# Work instructions:
Leaving the pictures out, print the lines from the first line of the listing through the line containing "Ooh, I'm not", exactly as they read, and no others.
Dataset extract: Begin
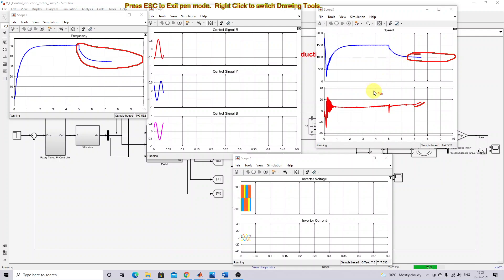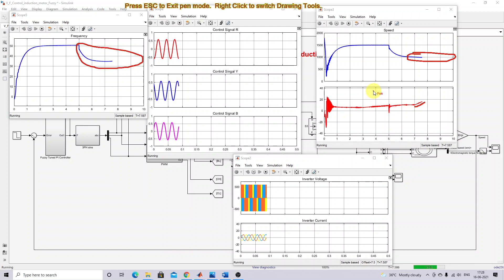This is the operation of the Fuzzy PI controller based V/f control of induction motor. Thanks for watching our videos. Kindly subscribe our channel and also click the bell icon for notification about upcoming videos. Thank you so much.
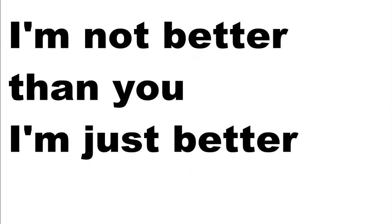Ooh, I'm not better than you, I'm just better.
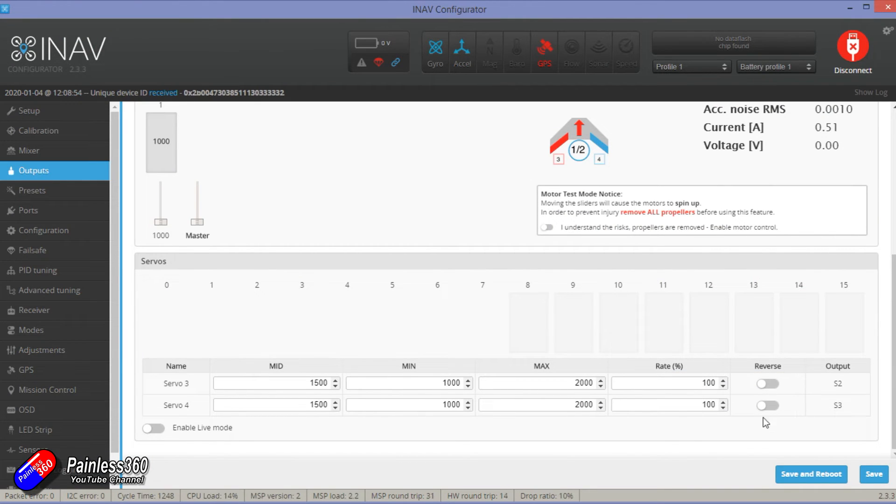So now we're ready to go into the bench and test everything and test the servos are moving in the right direction. If they're not then we're going to change them in here not on the radio. So let's go and do that next.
Dataset extract: End
# Response for this exercise:
This is the operation of the Fuzzy PI controller based V/f control of induction motor. Thanks for watching our videos. Kindly subscribe our channel and also click the bell icon for notification about upcoming videos. Thank you so much.
Ooh, I'm not better than you, I'm just better.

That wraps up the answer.